Truffatrice non vuole svolgere i lavori socialmente utili disposti dal giudice, per la Cassazione ha ragione
La 24enne ha sostenuto davanti agli Ermellini che il lavoro in cambio del beneficio della sospensione sarebbe stata una decisione presa dal tribunale «senza che vi fosse alcuna manifestazione di volontà in tal senso espressa dalla ricorrente in seno alla richiesta di applicazione della pena»
TRENTO. Nel marzo dello scorso anno la giovane truffatrice era finita a processo a Trento ed aveva patteggiato la pena. Ora il giudizio è da rifare. L'imputata, che ha 24 anni, si rifiuta di svolgere i lavori socialmente utili disposti dal giudice: secondo la corte di Cassazione ha ragione.

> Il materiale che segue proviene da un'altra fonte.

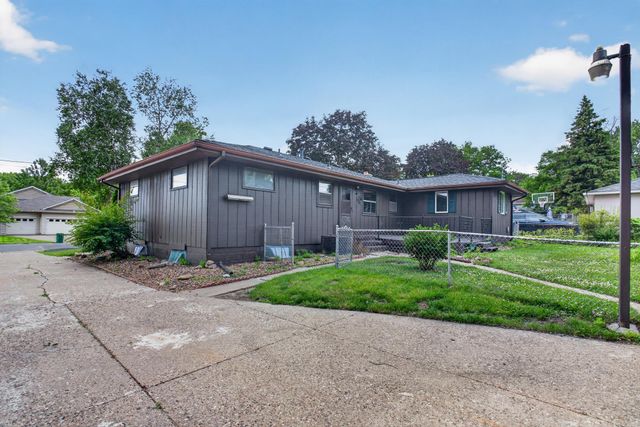 3141 Hampshire Avenue N, Crystal, MN 55427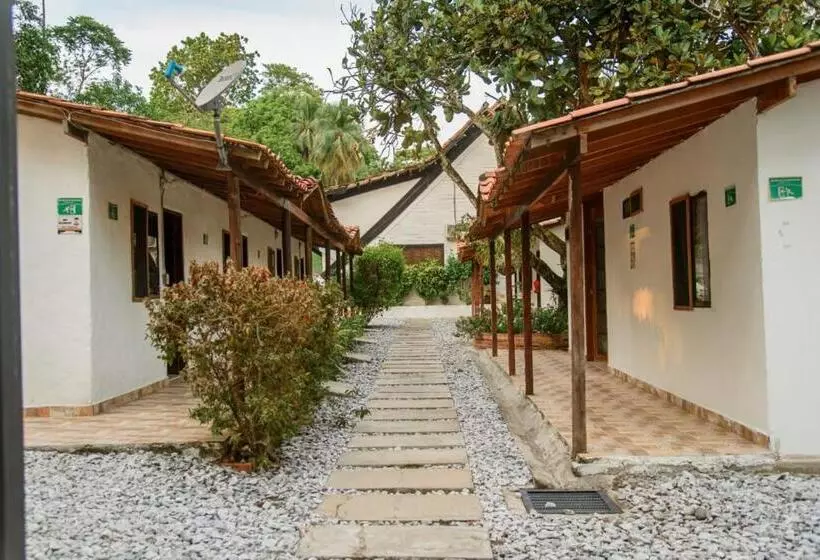 ホテル Campestre El Refugio De Las Guacamayas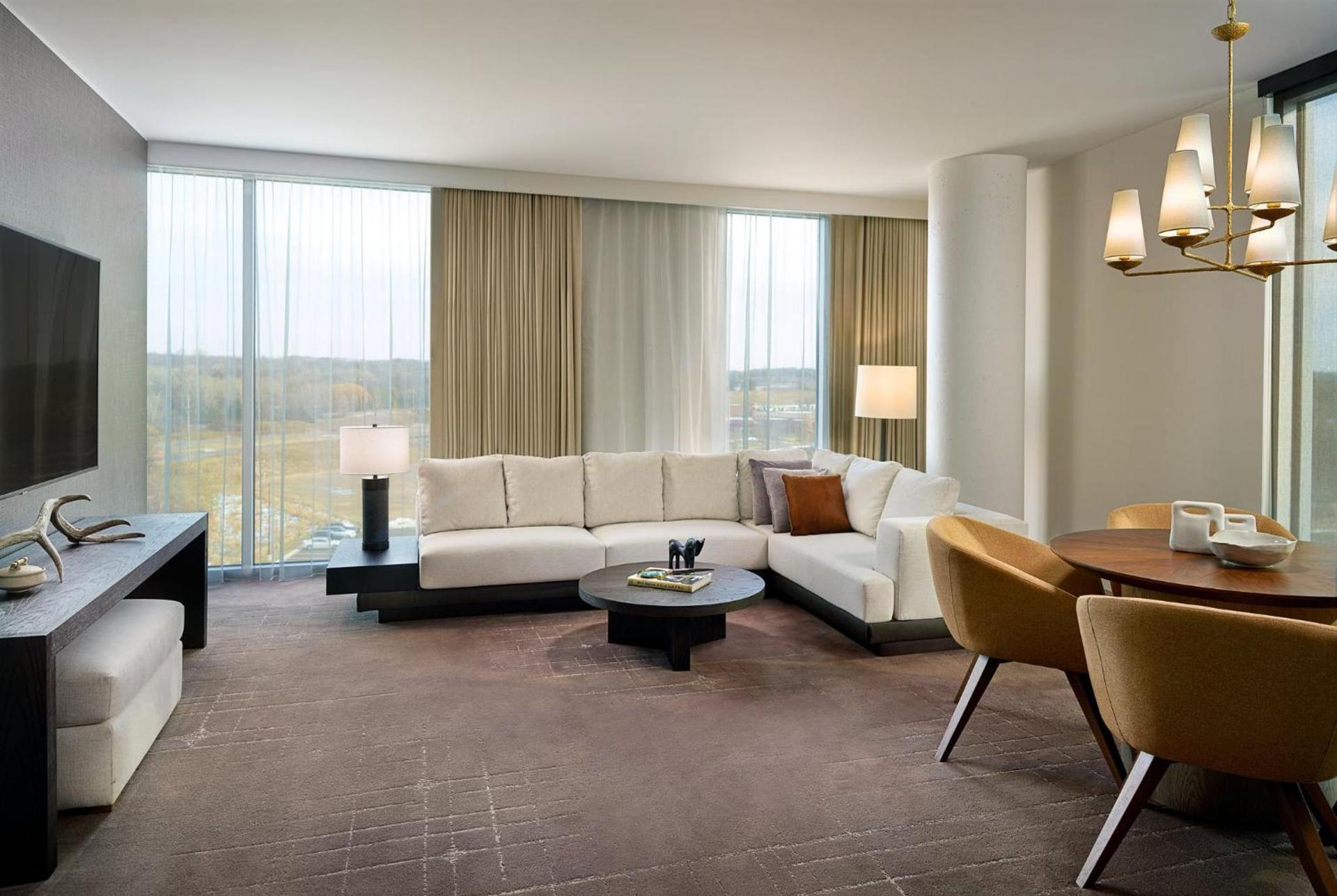 Omni Viking Lakes photo 58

Per capire i motivi di questa sentenza è necessario fare un passo indietro, alla decisione di primo grado: la sospensione condizionale della pena era subordinata alla prestazione di attività lavorativa non retribuita a favore della collettività per la durata di 3 mesi.

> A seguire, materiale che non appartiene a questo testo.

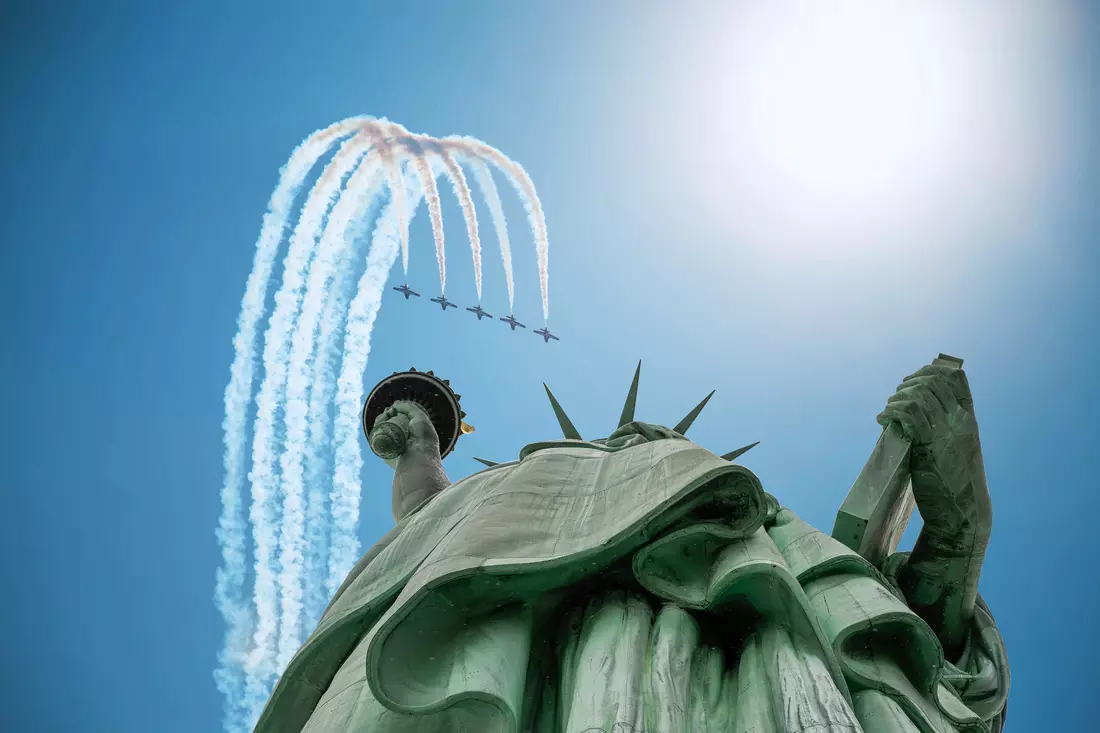 Photo of the Statue of Liberty with Manhattan in the background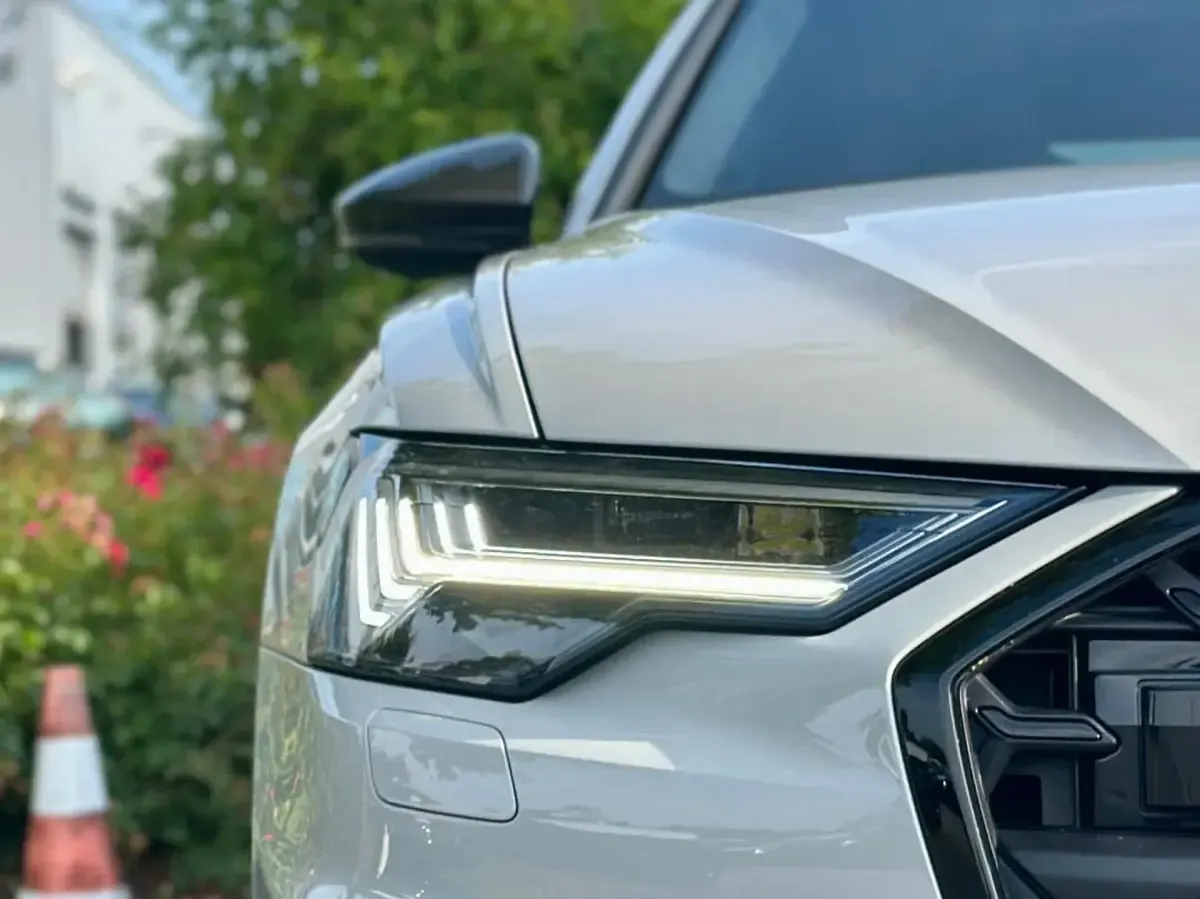 Gebraucht Audi S6 Sport 344 PS (253 kW) 2024 Individuallackierungen audi exclusive Kombi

La giovane ha sostenuto davanti agli Ermellini che il lavoro in cambio del beneficio della sospensione sarebbe stata una decisione presa dal tribunale «senza che vi fosse alcuna manifestazione di volontà in tal senso espressa dalla ricorrente in seno alla richiesta di applicazione della pena».
Per la Cassazione il ricorso è fondato: l'accordo della parti prevede una pattuizione anche per quanto riguarda il beneficio della sospensione condizionale della pena. La sentenza è annullata «dal momento che non risulta che le parti avessero definito un qualche accordo sulla prestazione, da parte della ricorrente, di una attività non retribuita a favore della collettività e sulla durata di essa».